O mito do bom selvagem e O
Livro dos Espíritos
O mito do bom selvagem tem sua origem na obra do
filósofo franco-suíço Jean-Jacques Rousseau e consiste
na tese de que o ser humano era puro e inocente em seu
estado natural, sendo a sociedade responsável por
incutir nele valores e hábitos que o conduziriam ao
conflito e aos problemas que, na visão de Rousseau,
marcavam a sociedade.
Dessa forma, adotando-se esse ponto de vista, a maioria
dos problemas sociais que envolvem crimes, tais como
furtos, assassinatos e abusos, não seria resultado da má
índole individual de seus responsáveis. Eles seriam, na
verdade, o produto nefasto de uma sociedade desigual e
injusta, que, ao submeter o indivíduo a uma existência
miserável, o encaminha para agir diferente daquilo que é
socialmente desejável.
Desse modo, a solução dos problemas sociais passava
pela necessidade de se rever as instituições modernas da
sociedade. “O homem nasce bom, mas a sociedade o
corrompe”, defende o filósofo iluminista.

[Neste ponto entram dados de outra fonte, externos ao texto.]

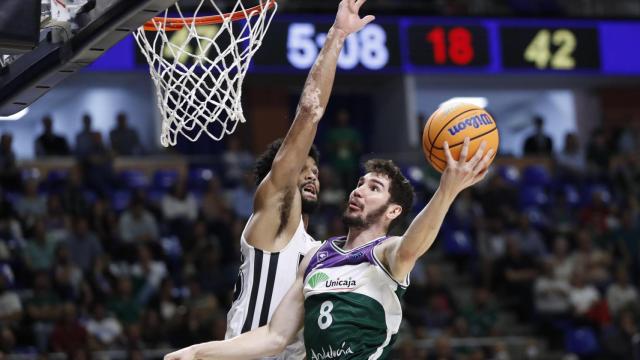 Darío Brizuela durante el Unicaja de Málaga vs. PAOK de la BCL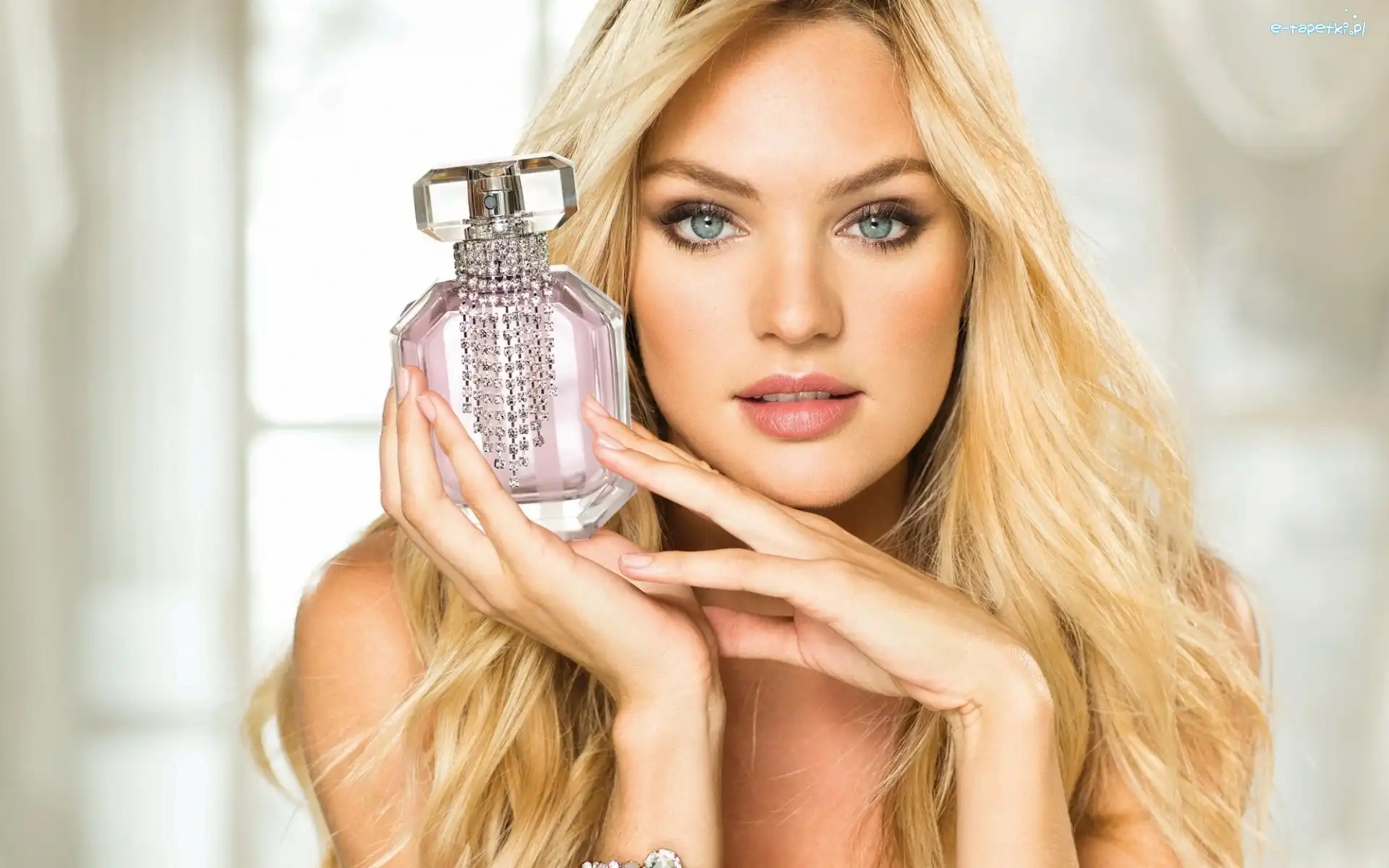 Makijaż, Candice Swanepoel, Perfumy, Blondynka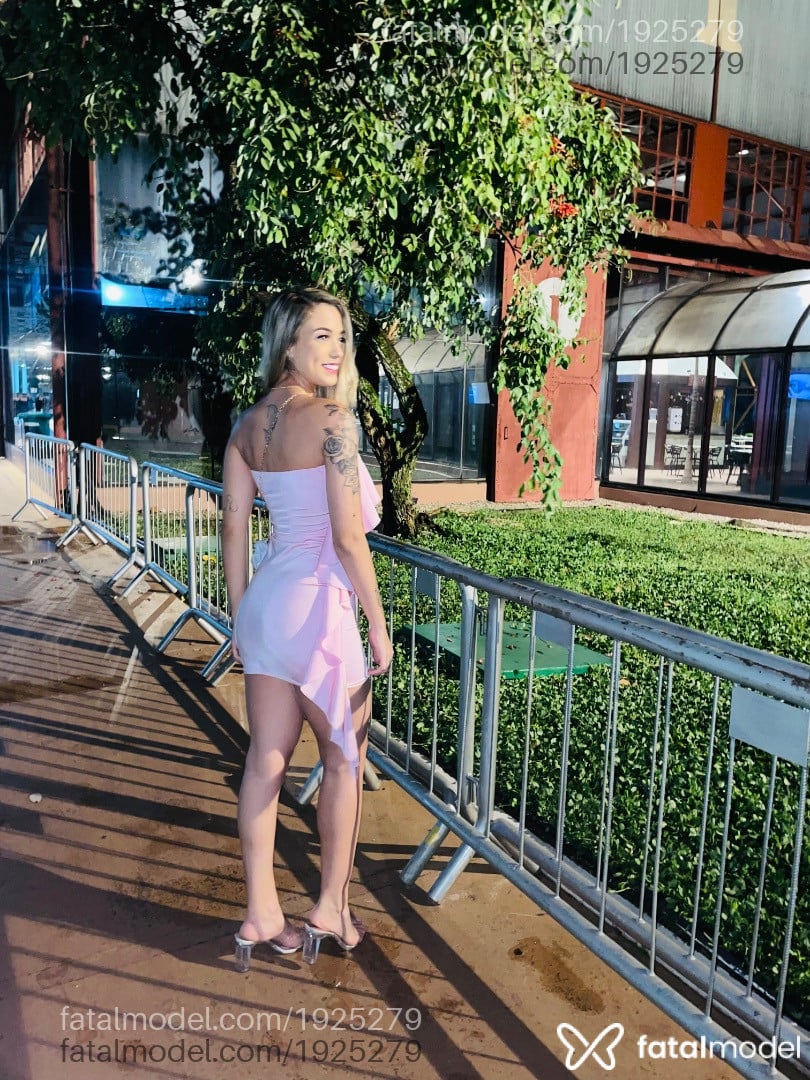 Acompanhante mulher loira (o) de olhos verdes - Bruna Acompanhante mulher loira (o) de olhos verdes - Bruna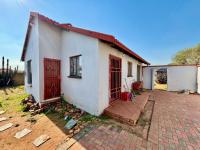  of property in Villa Liza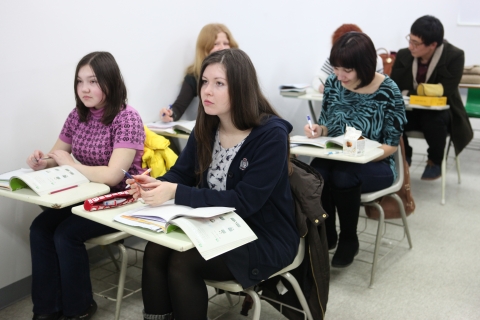 동명대에서의 모스크바대학생 한국문화체험 장면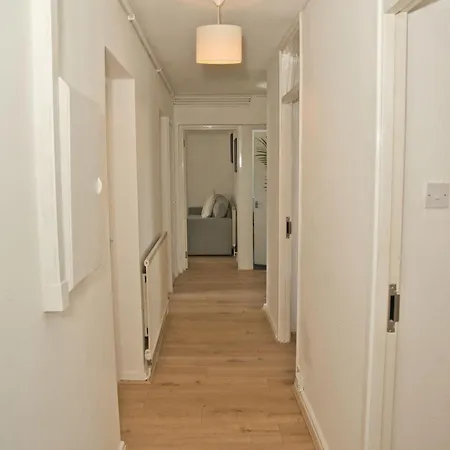 Stunning 4 Bedroom In Swiss Sleeps 10 London
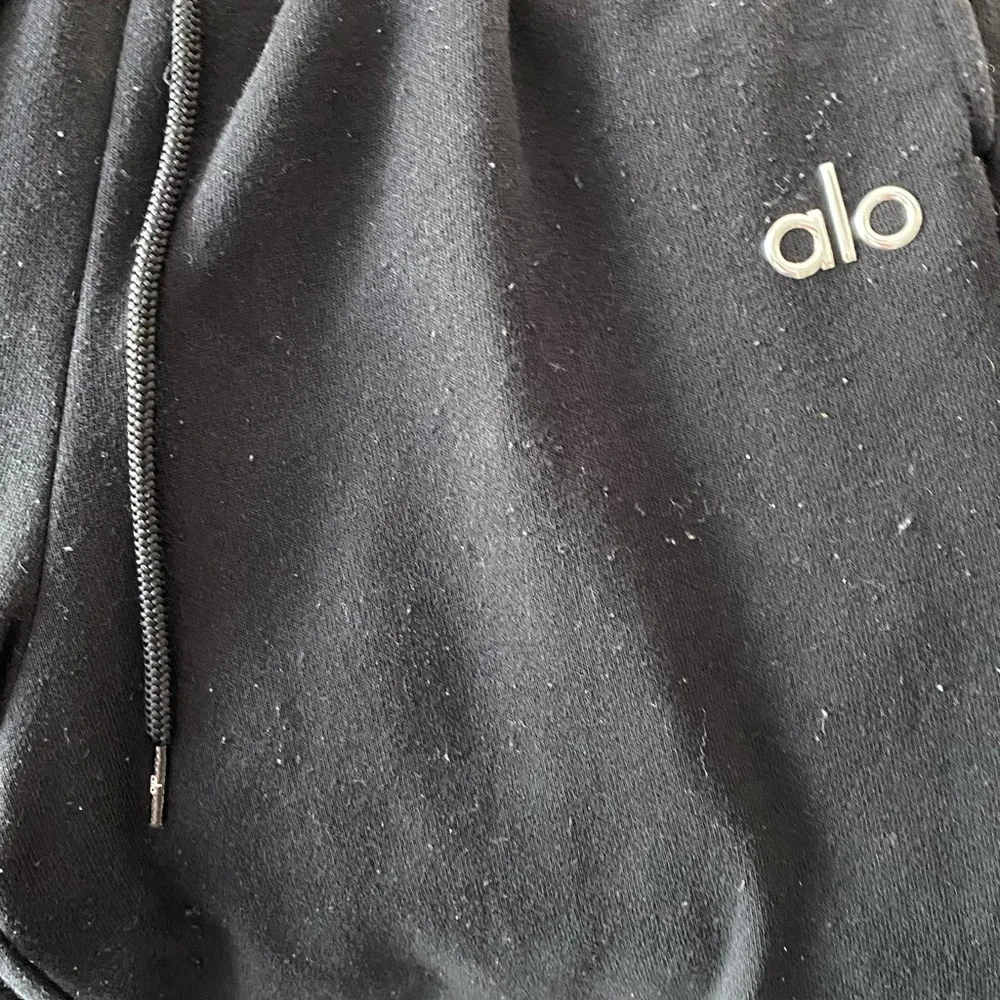 ALO Yoga Black Joggers - Picture 9 of 11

O pensamento apresentado por Kardec na pergunta 780-b de
O Livro dos Espíritos (“os povos mais esclarecidos,
frequentemente, são os mais pervertidos”), possivelmente
retrata poderosa influência dessa mentalidade, ainda
forte em meados do século XIX.
Estudos recentes em diferentes áreas do conhecimento
humano têm mostrado que as coisas não são assim como se
pensava. Indiscutivelmente, as forças sociais exercem
poderosa influência nas ações humanas, estando as
desigualdades sociais e, em decorrência delas, a pobreza
e a miséria humanas, relacionadas como causas geratrizes
da criminalidade. Todavia, muitos outros fatores, tais
como os biológicos e psíquicos são relacionados pela
criminologia moderna.
Esses estudos têm mostrado que, ao contrário do que
acreditavam os defensores do mito do bom selvagem, a
civilização, a erudição e o esclarecimento, em resumo, o
desenvolvimento intelectual, são fatores que contribuem
na redução da violência e da criminalidade. Povos mais
esclarecidos são menos violentos e, menos
frequentemente, infringem as leis.
Steven Pinker, psicólogo de Harvard, mostra, baseado em
pesquisas sociológicas muito bem delineadas, na obra O
novo Iluminismo, que a educação de um povo está
diretamente relacionada a melhor saúde, maior
expectativa de vida, mais riqueza, mais democracia,
menos violência e criminalidade. As pessoas que vivem
nos países mais esclarecidos e desenvolvidos
tecnologicamente, em média, são menos racistas, menos
sexistas, menos xenofóbicas, menos homofóbicas e menos
autoritárias. São também mais propensas a fazer trabalho
voluntário e a participar de associações cívicas.
Por todas essas razões o crescimento da educação é
emblemático do progresso humano. E Kardec afirmou isso,
nos itens 780 e 780-a de O Livro dos Espíritos: o
progresso moral é decorrente do progresso intelectual,
pois faz o homem compreender o bem e o mal,
capacitando-o a fazer melhores escolhas.